The methylation profile of ovarian cancer may be a useful diagnostic marker with which to predict recurrence, resistance to chemotherapy and survival (Balch ). We and others have reported that TMS1, 14-3-3sigma and WT1 genes are methylated more frequently in clear cell tumours than in other tumour types (Kaneuchi ; Terasawa ; Kaneuchi ), whereas methylation of SFRP1, 18S and 28S ribosomal DNA genes is more frequently detected in nonclear cell tumours, such as the serous type (Takada ; Chan ). Although the molecular mechanisms responsible for the differing methylation profiles in different tumour types remains unclear, gene methylation may have relevance in the clinical situation. For instance, clear cell ovarian cancers are reportedly more resistant to chemotherapy than other types (Sugiyama ), and this difference in sensitivity may be caused in part by differences in the genes methylated in clear cell and nonclear cell tumours. In fact, Teodoridis reported that methylation of genes involved in DNA repair was significantly associated with response to chemotherapy, while Chan reported that methylation of 18S and 28S ribosomal DNA genes is associated with longer progression-free survival in ovarian cancer. Taken together, these results suggest that differences in the epigenetic signatures between clear cell and other types of ovarian cancer may be a useful diagnostic indicator.

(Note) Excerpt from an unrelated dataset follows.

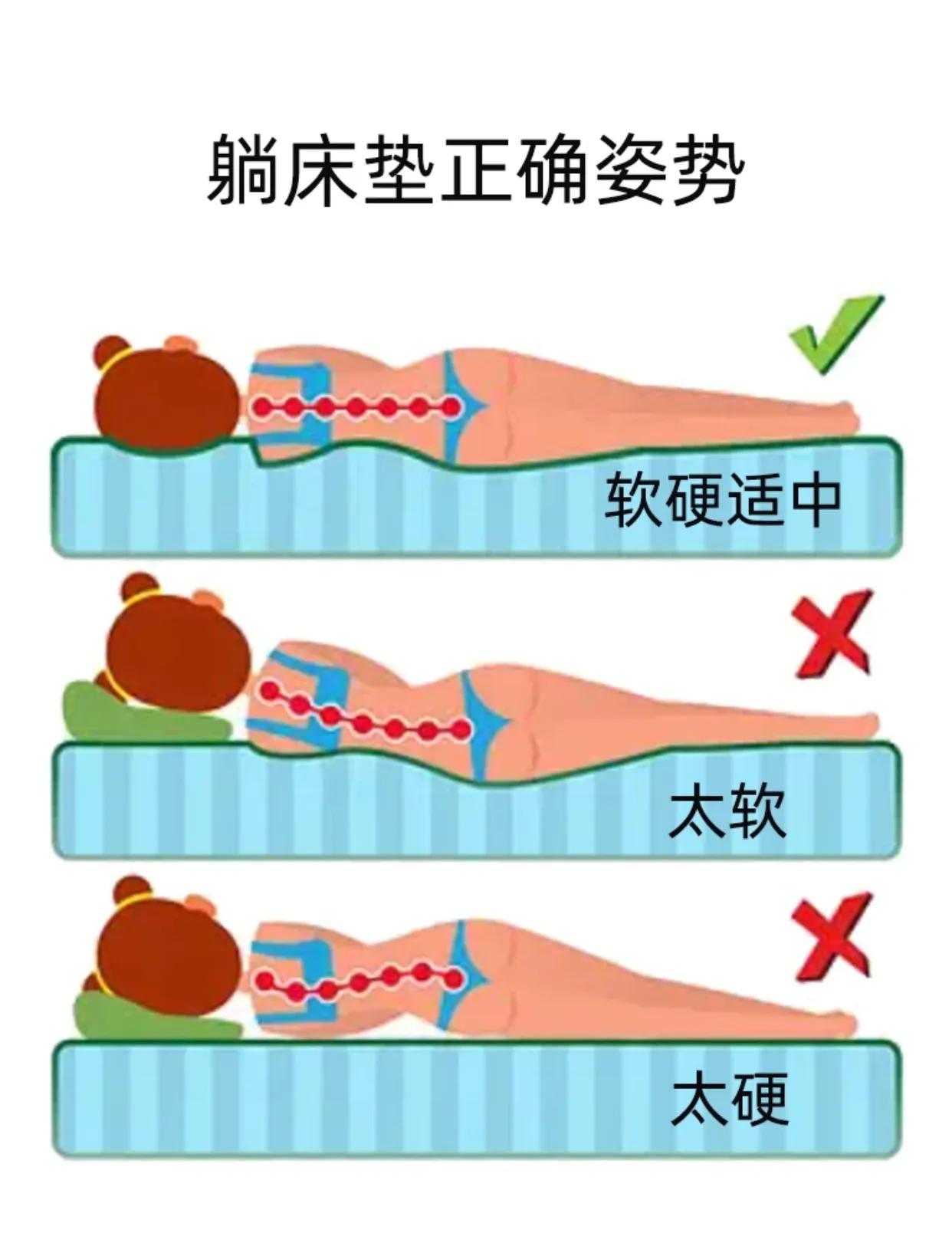 试睡100天床垫,贵的床垫和便宜的床垫差在哪里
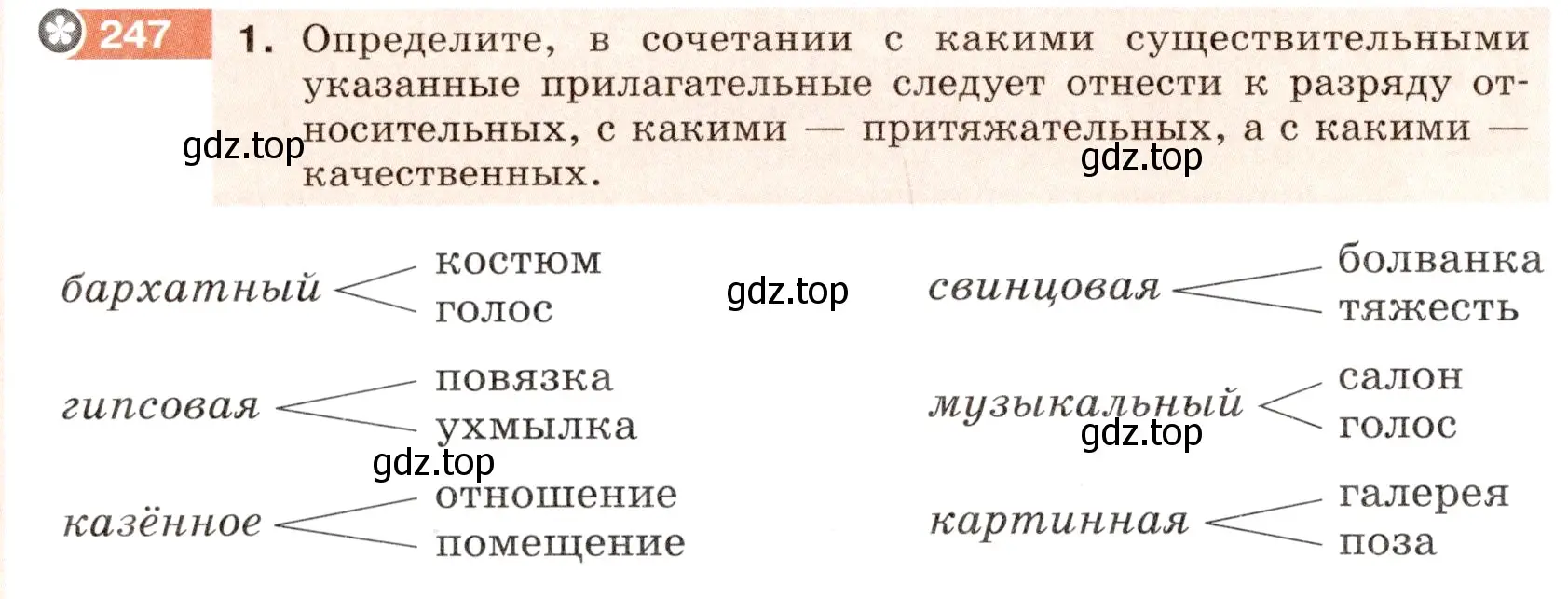 Условие номер 247 (страница 92) гдз по русскому языку 6 класс Разумовская, Львова, учебник 1 часть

The specific role of TCF2 methylation in the development and progression of ovarian cancer remains unknown, but TCF2 mutations are known to affect expression of downstream genes such as HNF4α, PKHD1 and UMOD (Tanaka ; Rebouissou ). We showed expression of HNF4α to be well correlated with that of TCF2 and to be upregulated by inducing TCF2 expression using a methyltransferase inhibitor, which suggests alterations in the hepatocyte nuclear factor network can be reversed by inducing TCF2 through demethylation of the gene. Consistent with that idea, Lazarevich reported that expression of HNF4α is downregulated in hepatocellular carcinoma and its restoration suppresses tumour growth. It has also been reported that HNF4α is downregulated in other types of tumours (Lemm ) and that it induces expression of endothelial Fas ligand (FasL), which prevents cancer cell transmigration (Osanai ). Collectively then, the summarised findings suggest that impairment of the HNF1β/HNF4α signalling network may lead to tumour formation. Similar epigenetic inactivation of a critical regulator of a transcriptional network has been reported for several other genes, including estrogen receptor (Leu ) and GATA (Akiyama ). Epigenetic inactivation of such transcription factors may affect multiple downstream genes, causing aberrant alteration of signalling pathways involved in a wide array of cellular functions, including growth, differentiation and apoptosis. Conversely, restoration of such transcription factors may lead to upregulation of genes throughout the entire signalling network and restoration of proper function. That said, further study will be necessary to definitively determine the role of epigenetic inactivation of TCF2 in the molecular mechanism of tumorigenesis and progression of ovarian cancer and its utility as a therapeutic target.